Katrina in South Padre

I started out wanting to talk about how crazy surfers were, since they always seem to want gigantic waves so they can do their artsy suicidal thing. I still think they’re slightly off their bonkers, but have a new-found respect for them. See, the lower US Gulf of Mexico is not like the Atlantic or Pacific because there is no clean “long period swell.” Instead, the whole area, maybe half a mile out to sea if not half the Gulf, turns into a foam washing machine. There are three, hour, and yes, five sandbars and getting out to the “mack” waves is so brutal. So, bless their hearts, they surf around and inside jetties when the hurricane waves come. And the locals seem real safe and have crash boats because they know surfers can get rolled bad in 20-foot stand-up waves.

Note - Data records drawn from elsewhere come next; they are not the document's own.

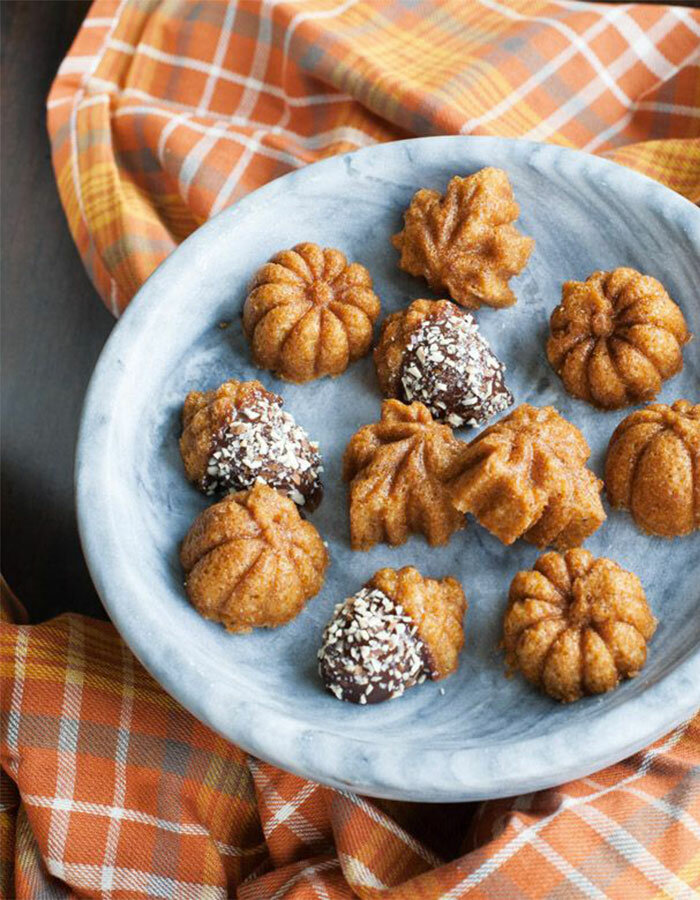 Baking mold - autumn fruits 12 pcs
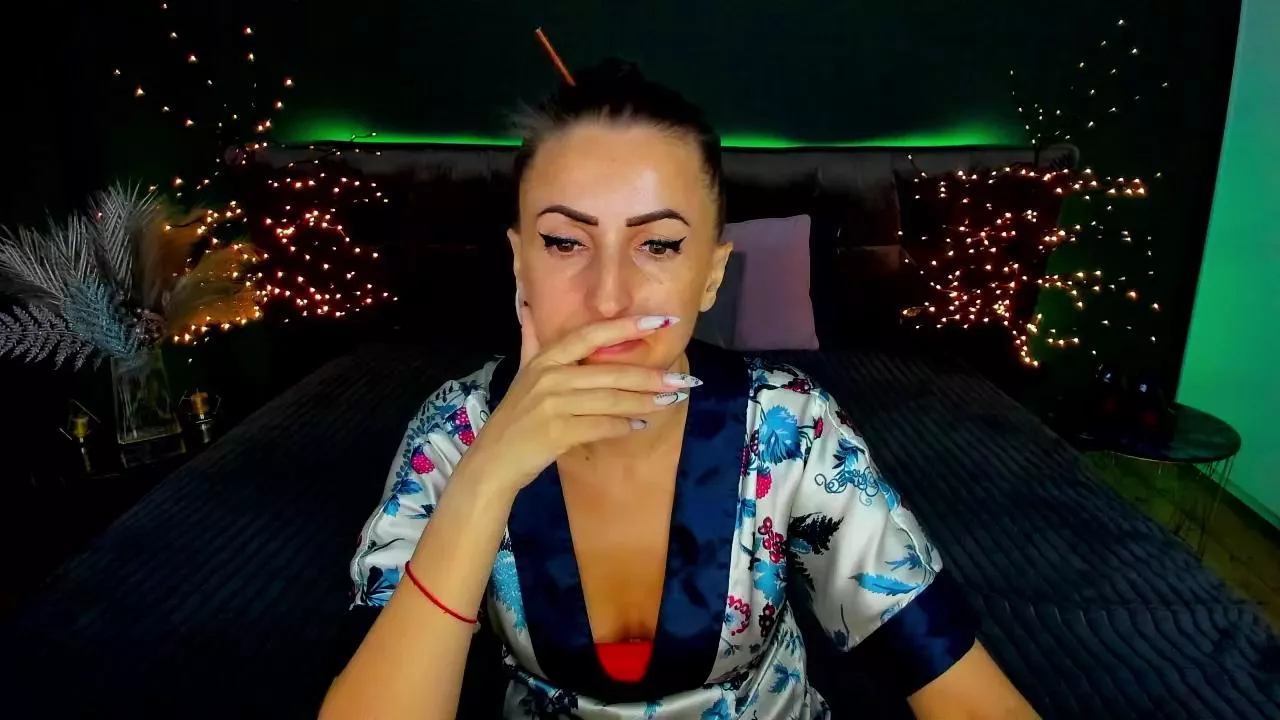 Rebeca_Diamond on Cam4 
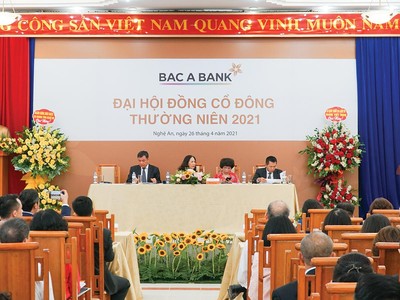 Đại hội đồng cổ đông thường niên 2021 của BAC A BANK đã thành công tốt đẹp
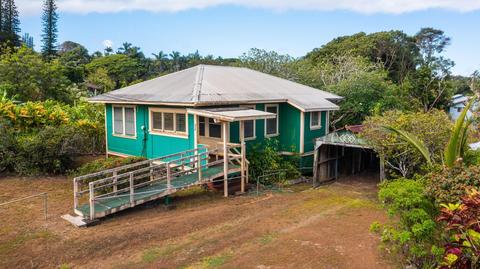 438 W Kuiaha Rd, Haiku, HI 96708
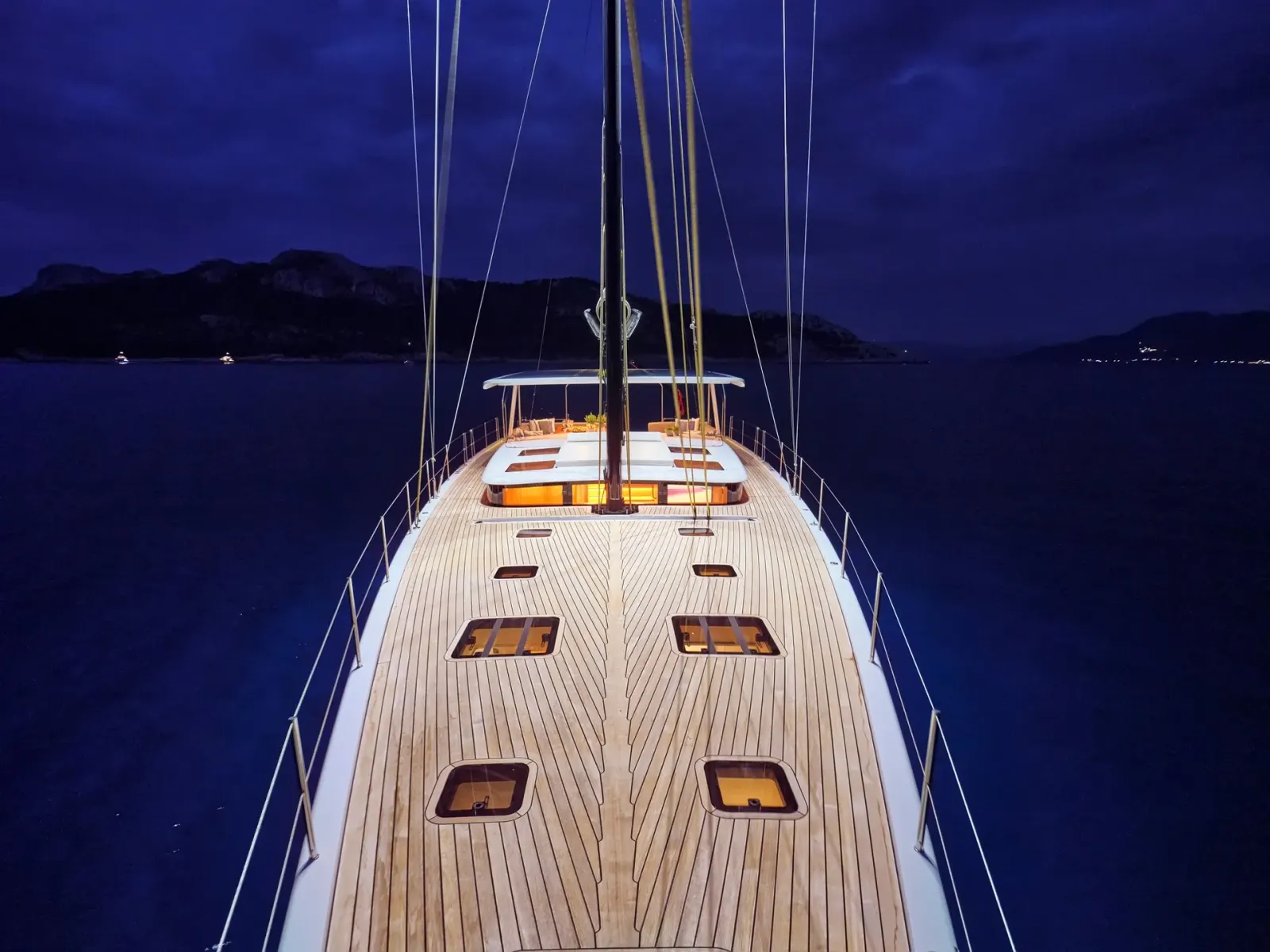 Nadamas sailing in Athens
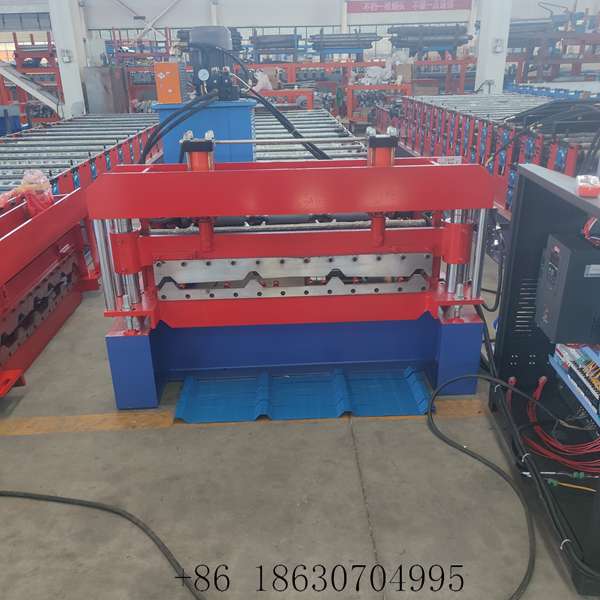 Front view of the IBR roof sheet forming machine for steel structure workshop roof and wall panels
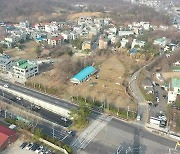 '240억 그린벨트' 법원 공무원이 최대 주주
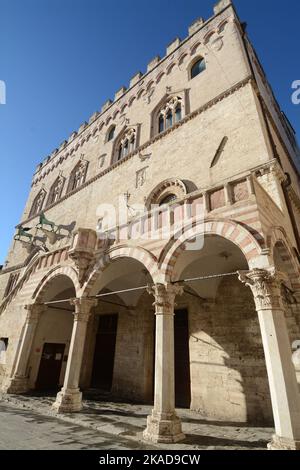 Der Palazzo dei Priori ist eines der besten Beispiele in Italien für einen öffentlichen Palast aus dem kommunalen Zeitalter. Es steht auf der zentralen Piazza IV Novembre in Perug Stockfoto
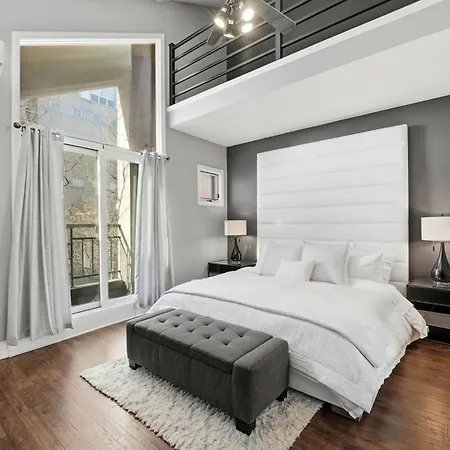 River West Modern 4-bd With Patio & Balcony Holiday home *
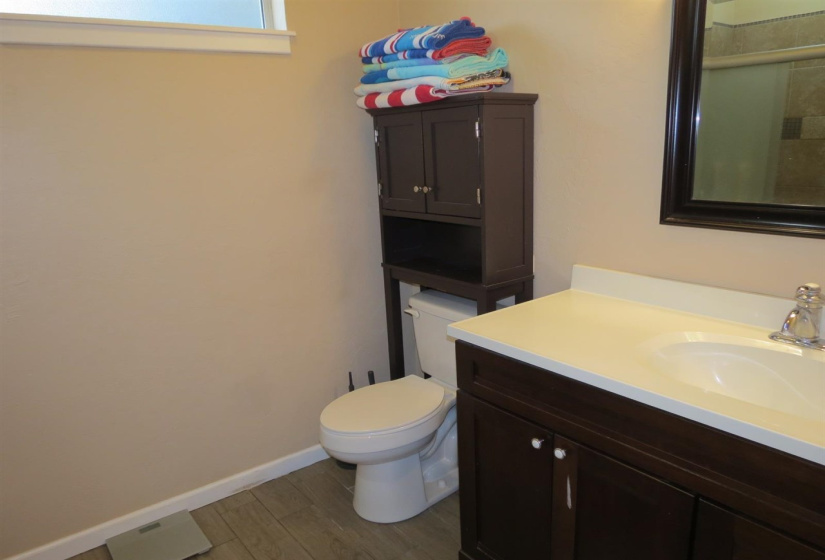 1 Bedroom Bedrooms, 0 ,1 BathroomBathrooms,Residential,Single Family,Lowry,1,132261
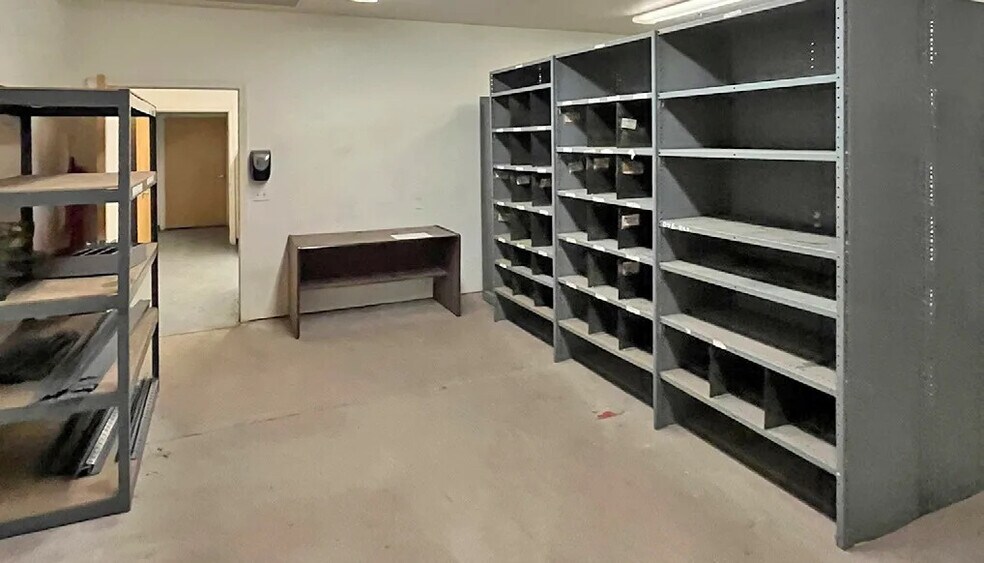 More Photos Of 500 S Willard St, Cottonwood Distribution For Lease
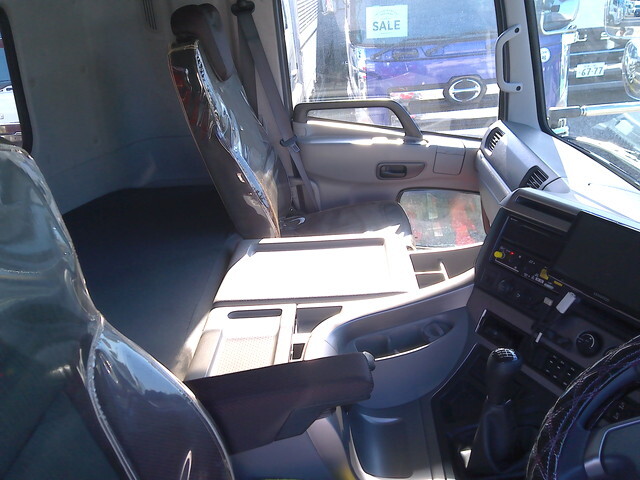 UDトラックスクオンダンプ大型（10t）[写真24]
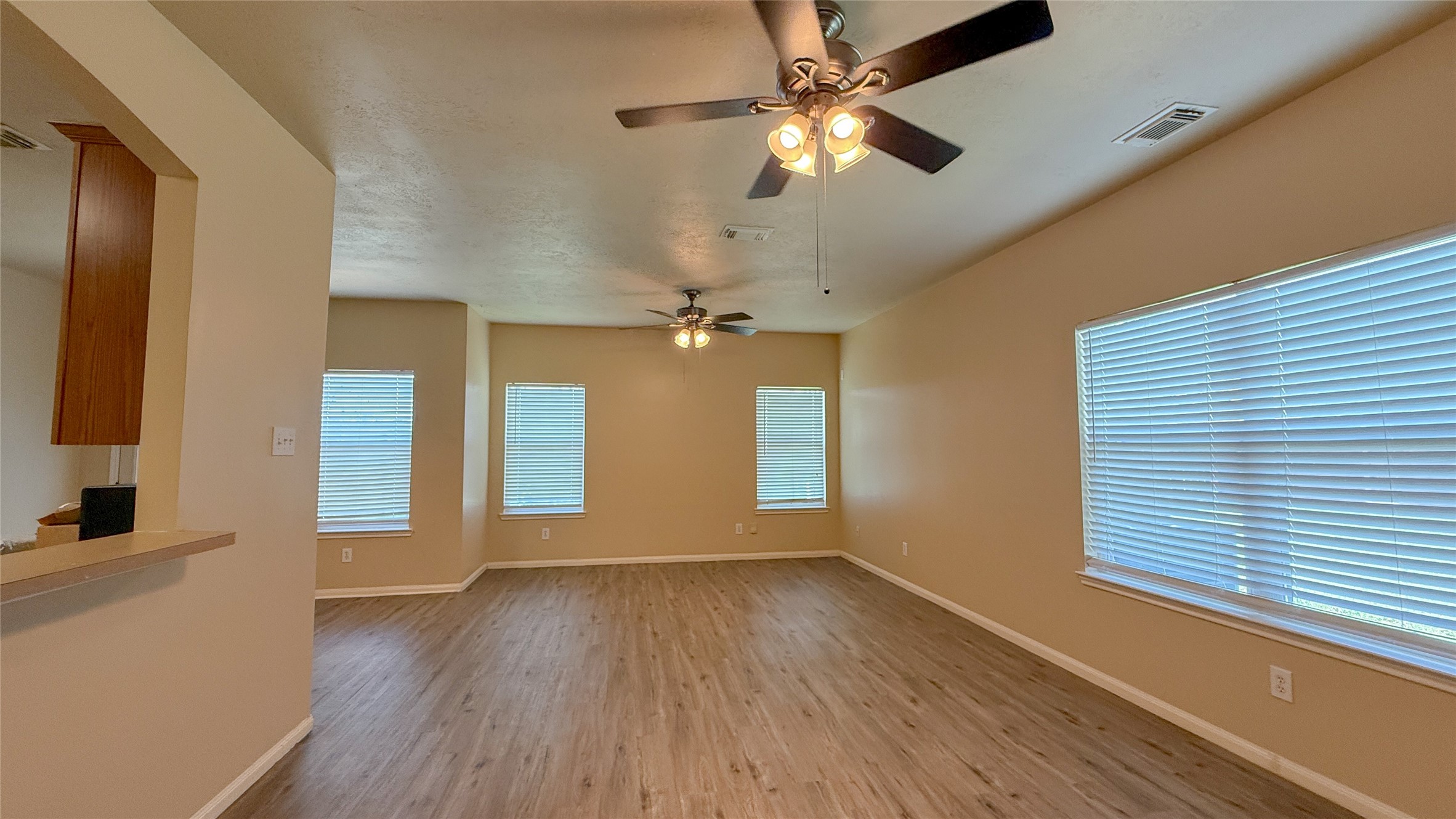 5127 Prosperity Circle Houston, TX 77018 - Photo 3 of 22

Hurricanes Cindy, Dennis, and Katrina sent some nice waves down here but being a body and boogie surfer, I wait until it has cooled down a little, like below six feet on the beach break without all the riptide and blown white/brown foam. Right when the surfers bemoan having no waves and the fun is over is when I head down to the beach, knowing I’ll get some rides over 80 feet long. Some of these waves are so powerful that I literally eat sand when I stopped on the dry beach! Just don’t tell the surfers that, because they’re more into “art” than distance.

Using a digital camera and not really knowing how to use it resulted in a poor picture, which is why I shot more beach than surf. But suffice it to say the water was up to the dunes and there were some interesting gully-washers and riptides – those waves on the horizon are probably over 15 feet tall. Pretty awesome.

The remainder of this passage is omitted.